Faut-il réévaluer le scénario économique et financier et nos prévisions à la hausse?

Le comportement des marchés financiers au cours du mois de février a été étonnant. Alors que les anticipations de taux directeurs et les taux d’intérêt ont remonté sensiblement du fait d’un ralentissement plus modeste de l’inflation, les marchés actions ont conclu le mois en ordre dispersé, les indices européens affichant une hausse contrairement aux Bourses des autres zones géographiques qui ont subi des prises de bénéfices. Ces écarts de performances peuvent s’expliquer mais il semblerait que les investisseurs retiennent des scénarios économiques différents de part et d’autre de l’Atlantique. Par ailleurs, les améliorations actuelles de la conjoncture permettent certainement un redressement des valorisations des marchés à court terme. Mais le retour du scénario d’une récession américaine peut-il être exclu au risque de tempérer l’optimisme des marchés européens ? Au vu des niveaux qu’ils ont atteints, il devient difficile de trouver un potentiel de hausse supplémentaire sans pour autant exclure la poursuite de leurs progressions.
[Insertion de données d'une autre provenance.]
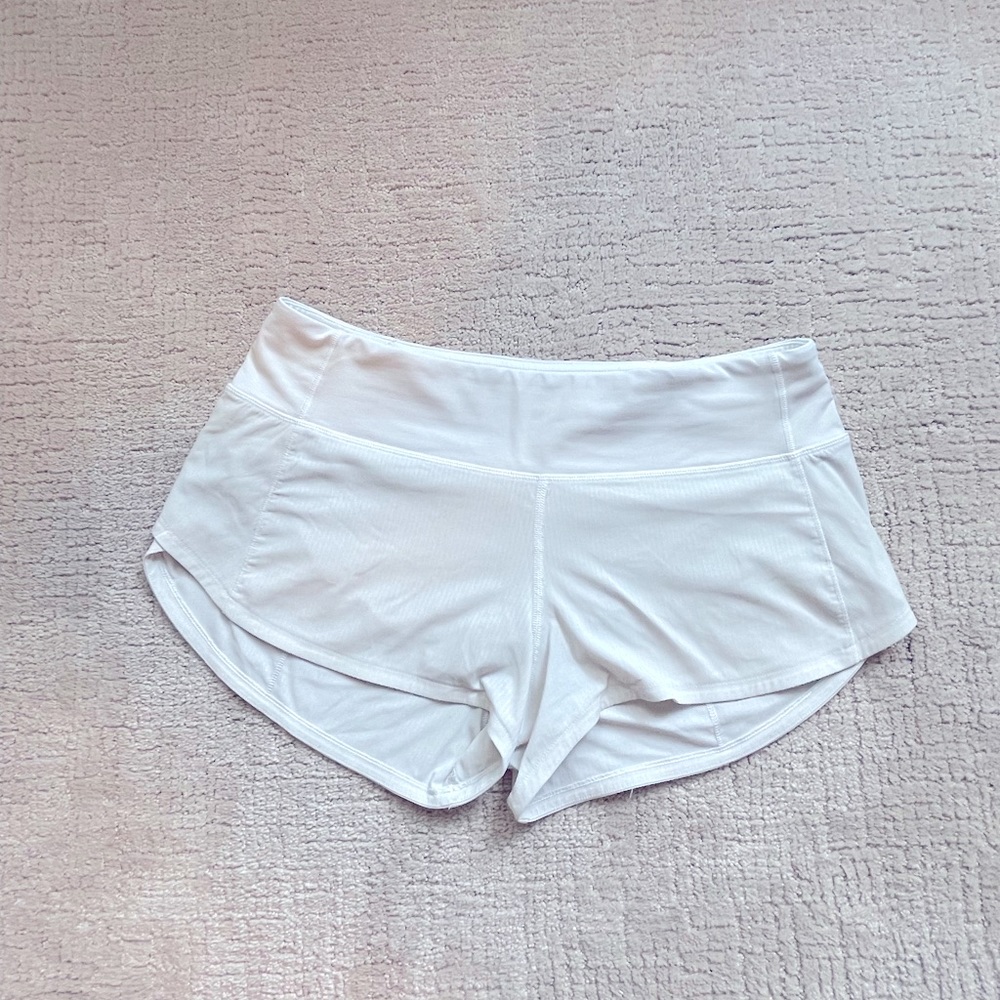 Lululemon Speed Up Low-Rise Shorts 2.5”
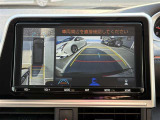便利なパノラミックビューモニター搭載しており、狭い駐車スペースでも安心です。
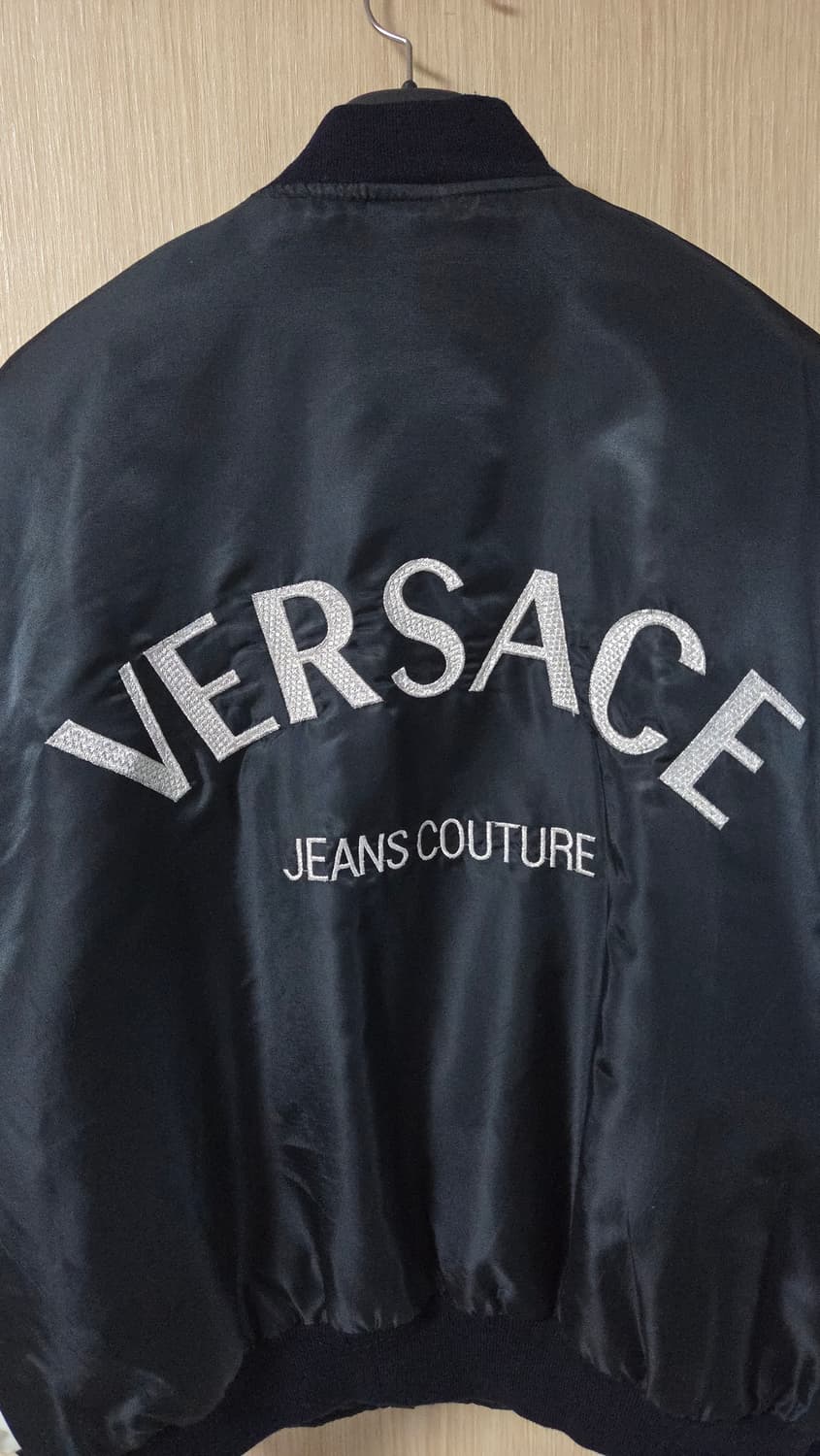 (착샷) 90s 베르사체 진스 쿠튀르 바시티 자켓 상품이미지5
Quant aux marchés américains, toujours en retard depuis l’automne dernier, ils ne semblent pas décidés à devenir aussi confiants sur l’avenir de leur économie. Dans ce contexte, nous avons réduit nos prévisions pour ceux-ci. Les indices mondiaux ne devraient enregistrer qu’une faible hausse supplémentaire d’ici la fin de l’année en traversant probablement une phase de consolidation au printemps ou à l’automne. Nous estimons qu’il n’est pas opportun de remonter les niveaux d’investissement en actions des portefeuilles, sauf opportunités de court terme sur des titres injustement dépréciés. Nous préférons profiter des épisodes de volatilité et de repli pour le faire ou pour continuer à acheter des actions pour les portefeuilles très peu investis.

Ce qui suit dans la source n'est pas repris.